Alla più umile, alla più umana, alla più sofferente
Così i versi bachmanniani della lirica Alla più umile, alla più umana, alla più sofferente, divengono correlativo soggettivo della Bachmann stessa. La figura di Tosca-Maria Callas, «solo molti tempi più distante e a lei così vicina; solo morta da molto più tempo della poetessa stessa» è genitrice del ruck. Quella scossa vitale alla poetessa austriaca per poter continuare a scrivere.
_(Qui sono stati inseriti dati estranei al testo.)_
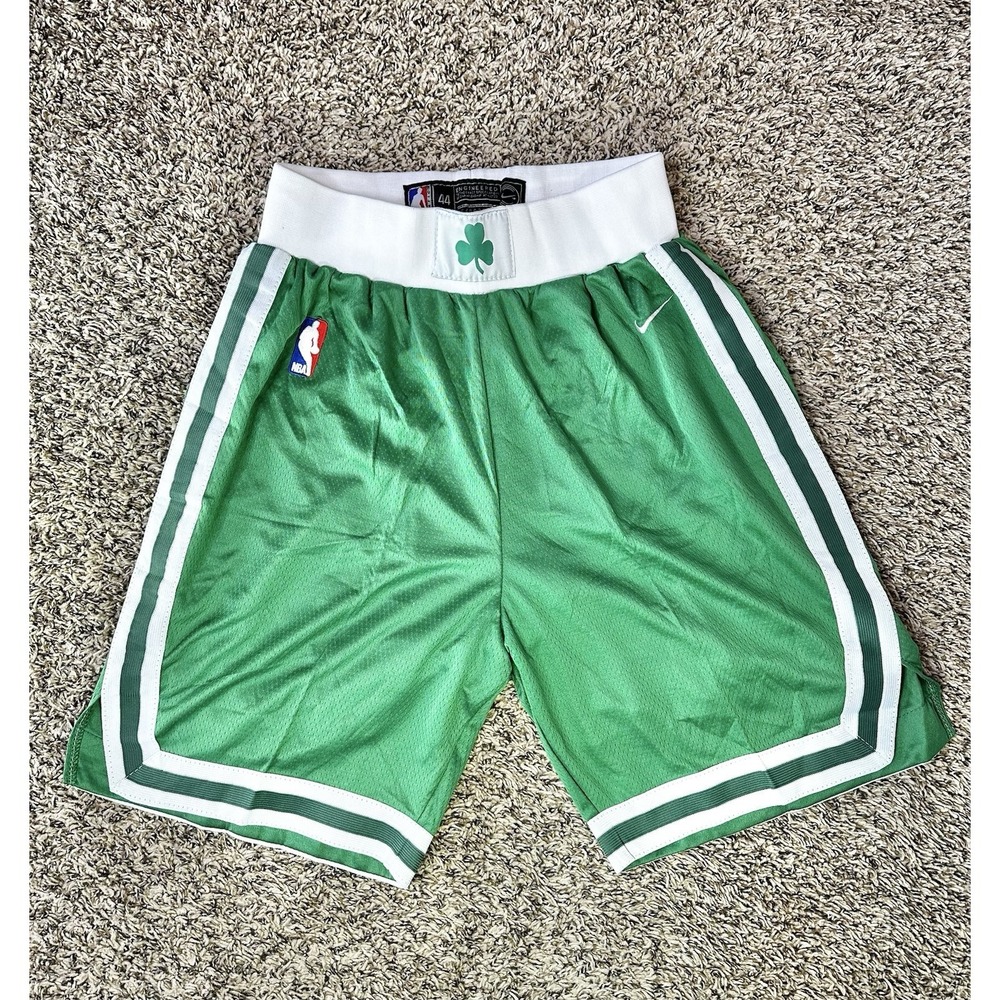 NIKE NBA BOSTON CELTICS SHORTS GREEN Size 44 / Small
Alla più umile, alla più umana, alla più sofferente
Mia sorella mi aiuterà ancora.
mia sorella non è lontana.
Solo molti tempi più distante e a me così vicina.
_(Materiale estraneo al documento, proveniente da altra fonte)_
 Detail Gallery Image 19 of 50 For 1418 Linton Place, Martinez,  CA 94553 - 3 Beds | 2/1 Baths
Solo morta da molto più tempo di me.
Le parlo da quasi mille giorni
e lei mi dice che verrà una fine
lasciami dormire, mai svegliarmi.
[…]
Quando è saltata dal ponte degli angeli
e lo aveva già perdonato, il suo grido
rimasto. O Scarpia, davanti a Dio.
Non ho mai potuto vedere il castello senza
sentire il grido e le tremende torture,
non soltanto di questo Mario.
Giustizia, anche per i nostri assassini.
[…]
Concludendo, agli occhi di Ingeborg Bachmann, così come quelli dei suoi grandi estimatori, Maria Callas non era la semplice cantante lirica, mossa dalla passione, ma quella che canta per poter sopravvivere. Maria Callas era un’animale da palcoscenico e quello che ha permesso alla Bachmann di legarsi così tanto al soprano e alle sue sorelle è stato senza dubbio l’aver riconosciuto in lei una creatura «dall’animo di cristallo». Sì fragile, ma sulla scena in grado di porsi sullo stesso piano del compositore e del direttore d’orchestra, dando così nuova vita a Violetta, Leonora, Tosca, Manon Lescaut. Queste eroine dell’opera lirica non vivono solo tramite la voce del soprano, bensì proprio attraverso il corpo di questo. Ciò aveva provocato il momento epifanico nell’animo della poetessa, che ascoltando la voce del soprano pianse più volte senza alcuna vergogna. Ed è proprio nel momento del bisogno, quando ormai la bussola smagnetizzata non segna più il «Nord poetico», che la Bachmann si aggrappa al sottile fil rouge che la lega alla cantante, riprende la penna e inizia a scrivere un concerto poetico, con protagoniste Callas e le sue sorelle, rendendole, così, immortali.